この住宅は、海外勤務が多い50歳代の夫妻と、既に社会人のご子息一人が住むためのものである。落ち着いた住宅地は、この家を含めて2期目の建替え時期に入っているようである。敷地は、雛壇型に南に下がり
、見晴らしと、風通しの良い場所である。設計者は、その南北に流れる「風」を建物に「通す」ことに主点を置くことを目指した。

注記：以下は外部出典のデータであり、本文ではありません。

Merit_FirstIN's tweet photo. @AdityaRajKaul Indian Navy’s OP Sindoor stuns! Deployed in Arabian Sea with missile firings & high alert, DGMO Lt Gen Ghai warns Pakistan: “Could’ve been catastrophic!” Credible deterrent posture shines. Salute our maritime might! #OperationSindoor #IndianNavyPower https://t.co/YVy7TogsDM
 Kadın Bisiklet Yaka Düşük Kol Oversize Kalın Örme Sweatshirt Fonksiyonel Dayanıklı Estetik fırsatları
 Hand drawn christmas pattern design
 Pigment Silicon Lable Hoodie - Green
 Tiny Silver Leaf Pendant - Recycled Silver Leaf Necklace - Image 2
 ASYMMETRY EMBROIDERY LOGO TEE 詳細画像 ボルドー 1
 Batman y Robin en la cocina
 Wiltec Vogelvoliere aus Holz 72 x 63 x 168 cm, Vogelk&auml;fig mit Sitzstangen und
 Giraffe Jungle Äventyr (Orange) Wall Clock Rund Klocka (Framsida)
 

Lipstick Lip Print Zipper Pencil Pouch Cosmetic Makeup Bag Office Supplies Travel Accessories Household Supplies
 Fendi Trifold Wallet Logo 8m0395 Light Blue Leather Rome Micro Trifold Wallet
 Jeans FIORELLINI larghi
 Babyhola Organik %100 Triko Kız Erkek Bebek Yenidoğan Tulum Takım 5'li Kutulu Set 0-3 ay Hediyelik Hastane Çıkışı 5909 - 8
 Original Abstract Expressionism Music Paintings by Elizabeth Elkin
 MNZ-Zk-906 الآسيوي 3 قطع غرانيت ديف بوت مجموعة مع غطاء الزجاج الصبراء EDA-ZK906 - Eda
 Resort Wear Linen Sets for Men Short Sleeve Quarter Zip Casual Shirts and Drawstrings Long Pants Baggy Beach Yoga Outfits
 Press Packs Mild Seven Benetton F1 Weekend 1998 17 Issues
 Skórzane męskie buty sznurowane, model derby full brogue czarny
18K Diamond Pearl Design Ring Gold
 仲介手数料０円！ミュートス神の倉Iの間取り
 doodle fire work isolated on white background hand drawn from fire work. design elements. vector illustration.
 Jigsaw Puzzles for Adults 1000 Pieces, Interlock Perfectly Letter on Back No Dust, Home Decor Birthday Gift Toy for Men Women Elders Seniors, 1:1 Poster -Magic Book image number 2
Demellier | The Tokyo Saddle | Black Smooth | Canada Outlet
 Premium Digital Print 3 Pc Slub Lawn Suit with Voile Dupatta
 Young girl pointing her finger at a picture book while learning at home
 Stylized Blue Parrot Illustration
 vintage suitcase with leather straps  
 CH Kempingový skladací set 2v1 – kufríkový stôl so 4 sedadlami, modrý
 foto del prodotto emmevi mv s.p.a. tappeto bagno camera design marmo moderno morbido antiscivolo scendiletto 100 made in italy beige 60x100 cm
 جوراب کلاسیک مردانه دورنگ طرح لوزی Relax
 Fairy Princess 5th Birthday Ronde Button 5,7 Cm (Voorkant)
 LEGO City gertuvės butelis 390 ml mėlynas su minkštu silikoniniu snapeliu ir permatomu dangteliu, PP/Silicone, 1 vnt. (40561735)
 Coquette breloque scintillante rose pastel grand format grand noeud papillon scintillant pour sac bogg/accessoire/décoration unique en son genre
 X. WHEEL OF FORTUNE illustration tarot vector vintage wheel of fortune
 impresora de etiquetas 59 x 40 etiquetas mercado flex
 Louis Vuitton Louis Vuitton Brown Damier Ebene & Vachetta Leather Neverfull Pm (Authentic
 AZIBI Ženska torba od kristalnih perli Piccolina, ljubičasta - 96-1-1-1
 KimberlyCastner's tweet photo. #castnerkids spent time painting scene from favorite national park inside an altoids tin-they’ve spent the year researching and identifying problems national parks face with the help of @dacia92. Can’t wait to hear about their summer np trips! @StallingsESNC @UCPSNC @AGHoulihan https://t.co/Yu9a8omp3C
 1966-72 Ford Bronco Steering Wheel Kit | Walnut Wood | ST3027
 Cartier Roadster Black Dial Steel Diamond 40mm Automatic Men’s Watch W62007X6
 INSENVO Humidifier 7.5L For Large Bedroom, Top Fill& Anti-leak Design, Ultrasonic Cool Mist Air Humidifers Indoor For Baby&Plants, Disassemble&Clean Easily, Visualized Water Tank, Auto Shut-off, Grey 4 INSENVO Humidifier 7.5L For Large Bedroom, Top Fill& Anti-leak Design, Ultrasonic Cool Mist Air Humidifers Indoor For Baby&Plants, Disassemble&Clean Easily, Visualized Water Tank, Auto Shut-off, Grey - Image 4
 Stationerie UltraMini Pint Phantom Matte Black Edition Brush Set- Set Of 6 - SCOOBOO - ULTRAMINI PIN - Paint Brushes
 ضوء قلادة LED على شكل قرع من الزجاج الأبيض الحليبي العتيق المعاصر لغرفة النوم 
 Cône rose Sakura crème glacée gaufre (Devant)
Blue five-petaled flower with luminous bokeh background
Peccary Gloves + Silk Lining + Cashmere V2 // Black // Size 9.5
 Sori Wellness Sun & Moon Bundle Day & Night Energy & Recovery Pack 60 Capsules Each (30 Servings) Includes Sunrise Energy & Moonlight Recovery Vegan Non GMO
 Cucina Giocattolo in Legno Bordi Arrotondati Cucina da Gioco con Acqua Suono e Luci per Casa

平面は、半地下に車庫を取り込み、RC造で基礎と一体化し、1・2階は、木造のアルミボックスとウッドボツクスを並部べ、中央に「風」が通るように居間を配した、三枚おろしの構成である。一段上がった車庫上階のポーチから中に入ると、高く吹き抜けた居間
|
|
は、南面が広く開け、家々の屋根が俯瞰できる眺望である。左右の壁上部には、2階居室への風道窓が、5枚の片開きで縦に切れ、天井は木の軸組が現わしで、夫々リズム感を与えている。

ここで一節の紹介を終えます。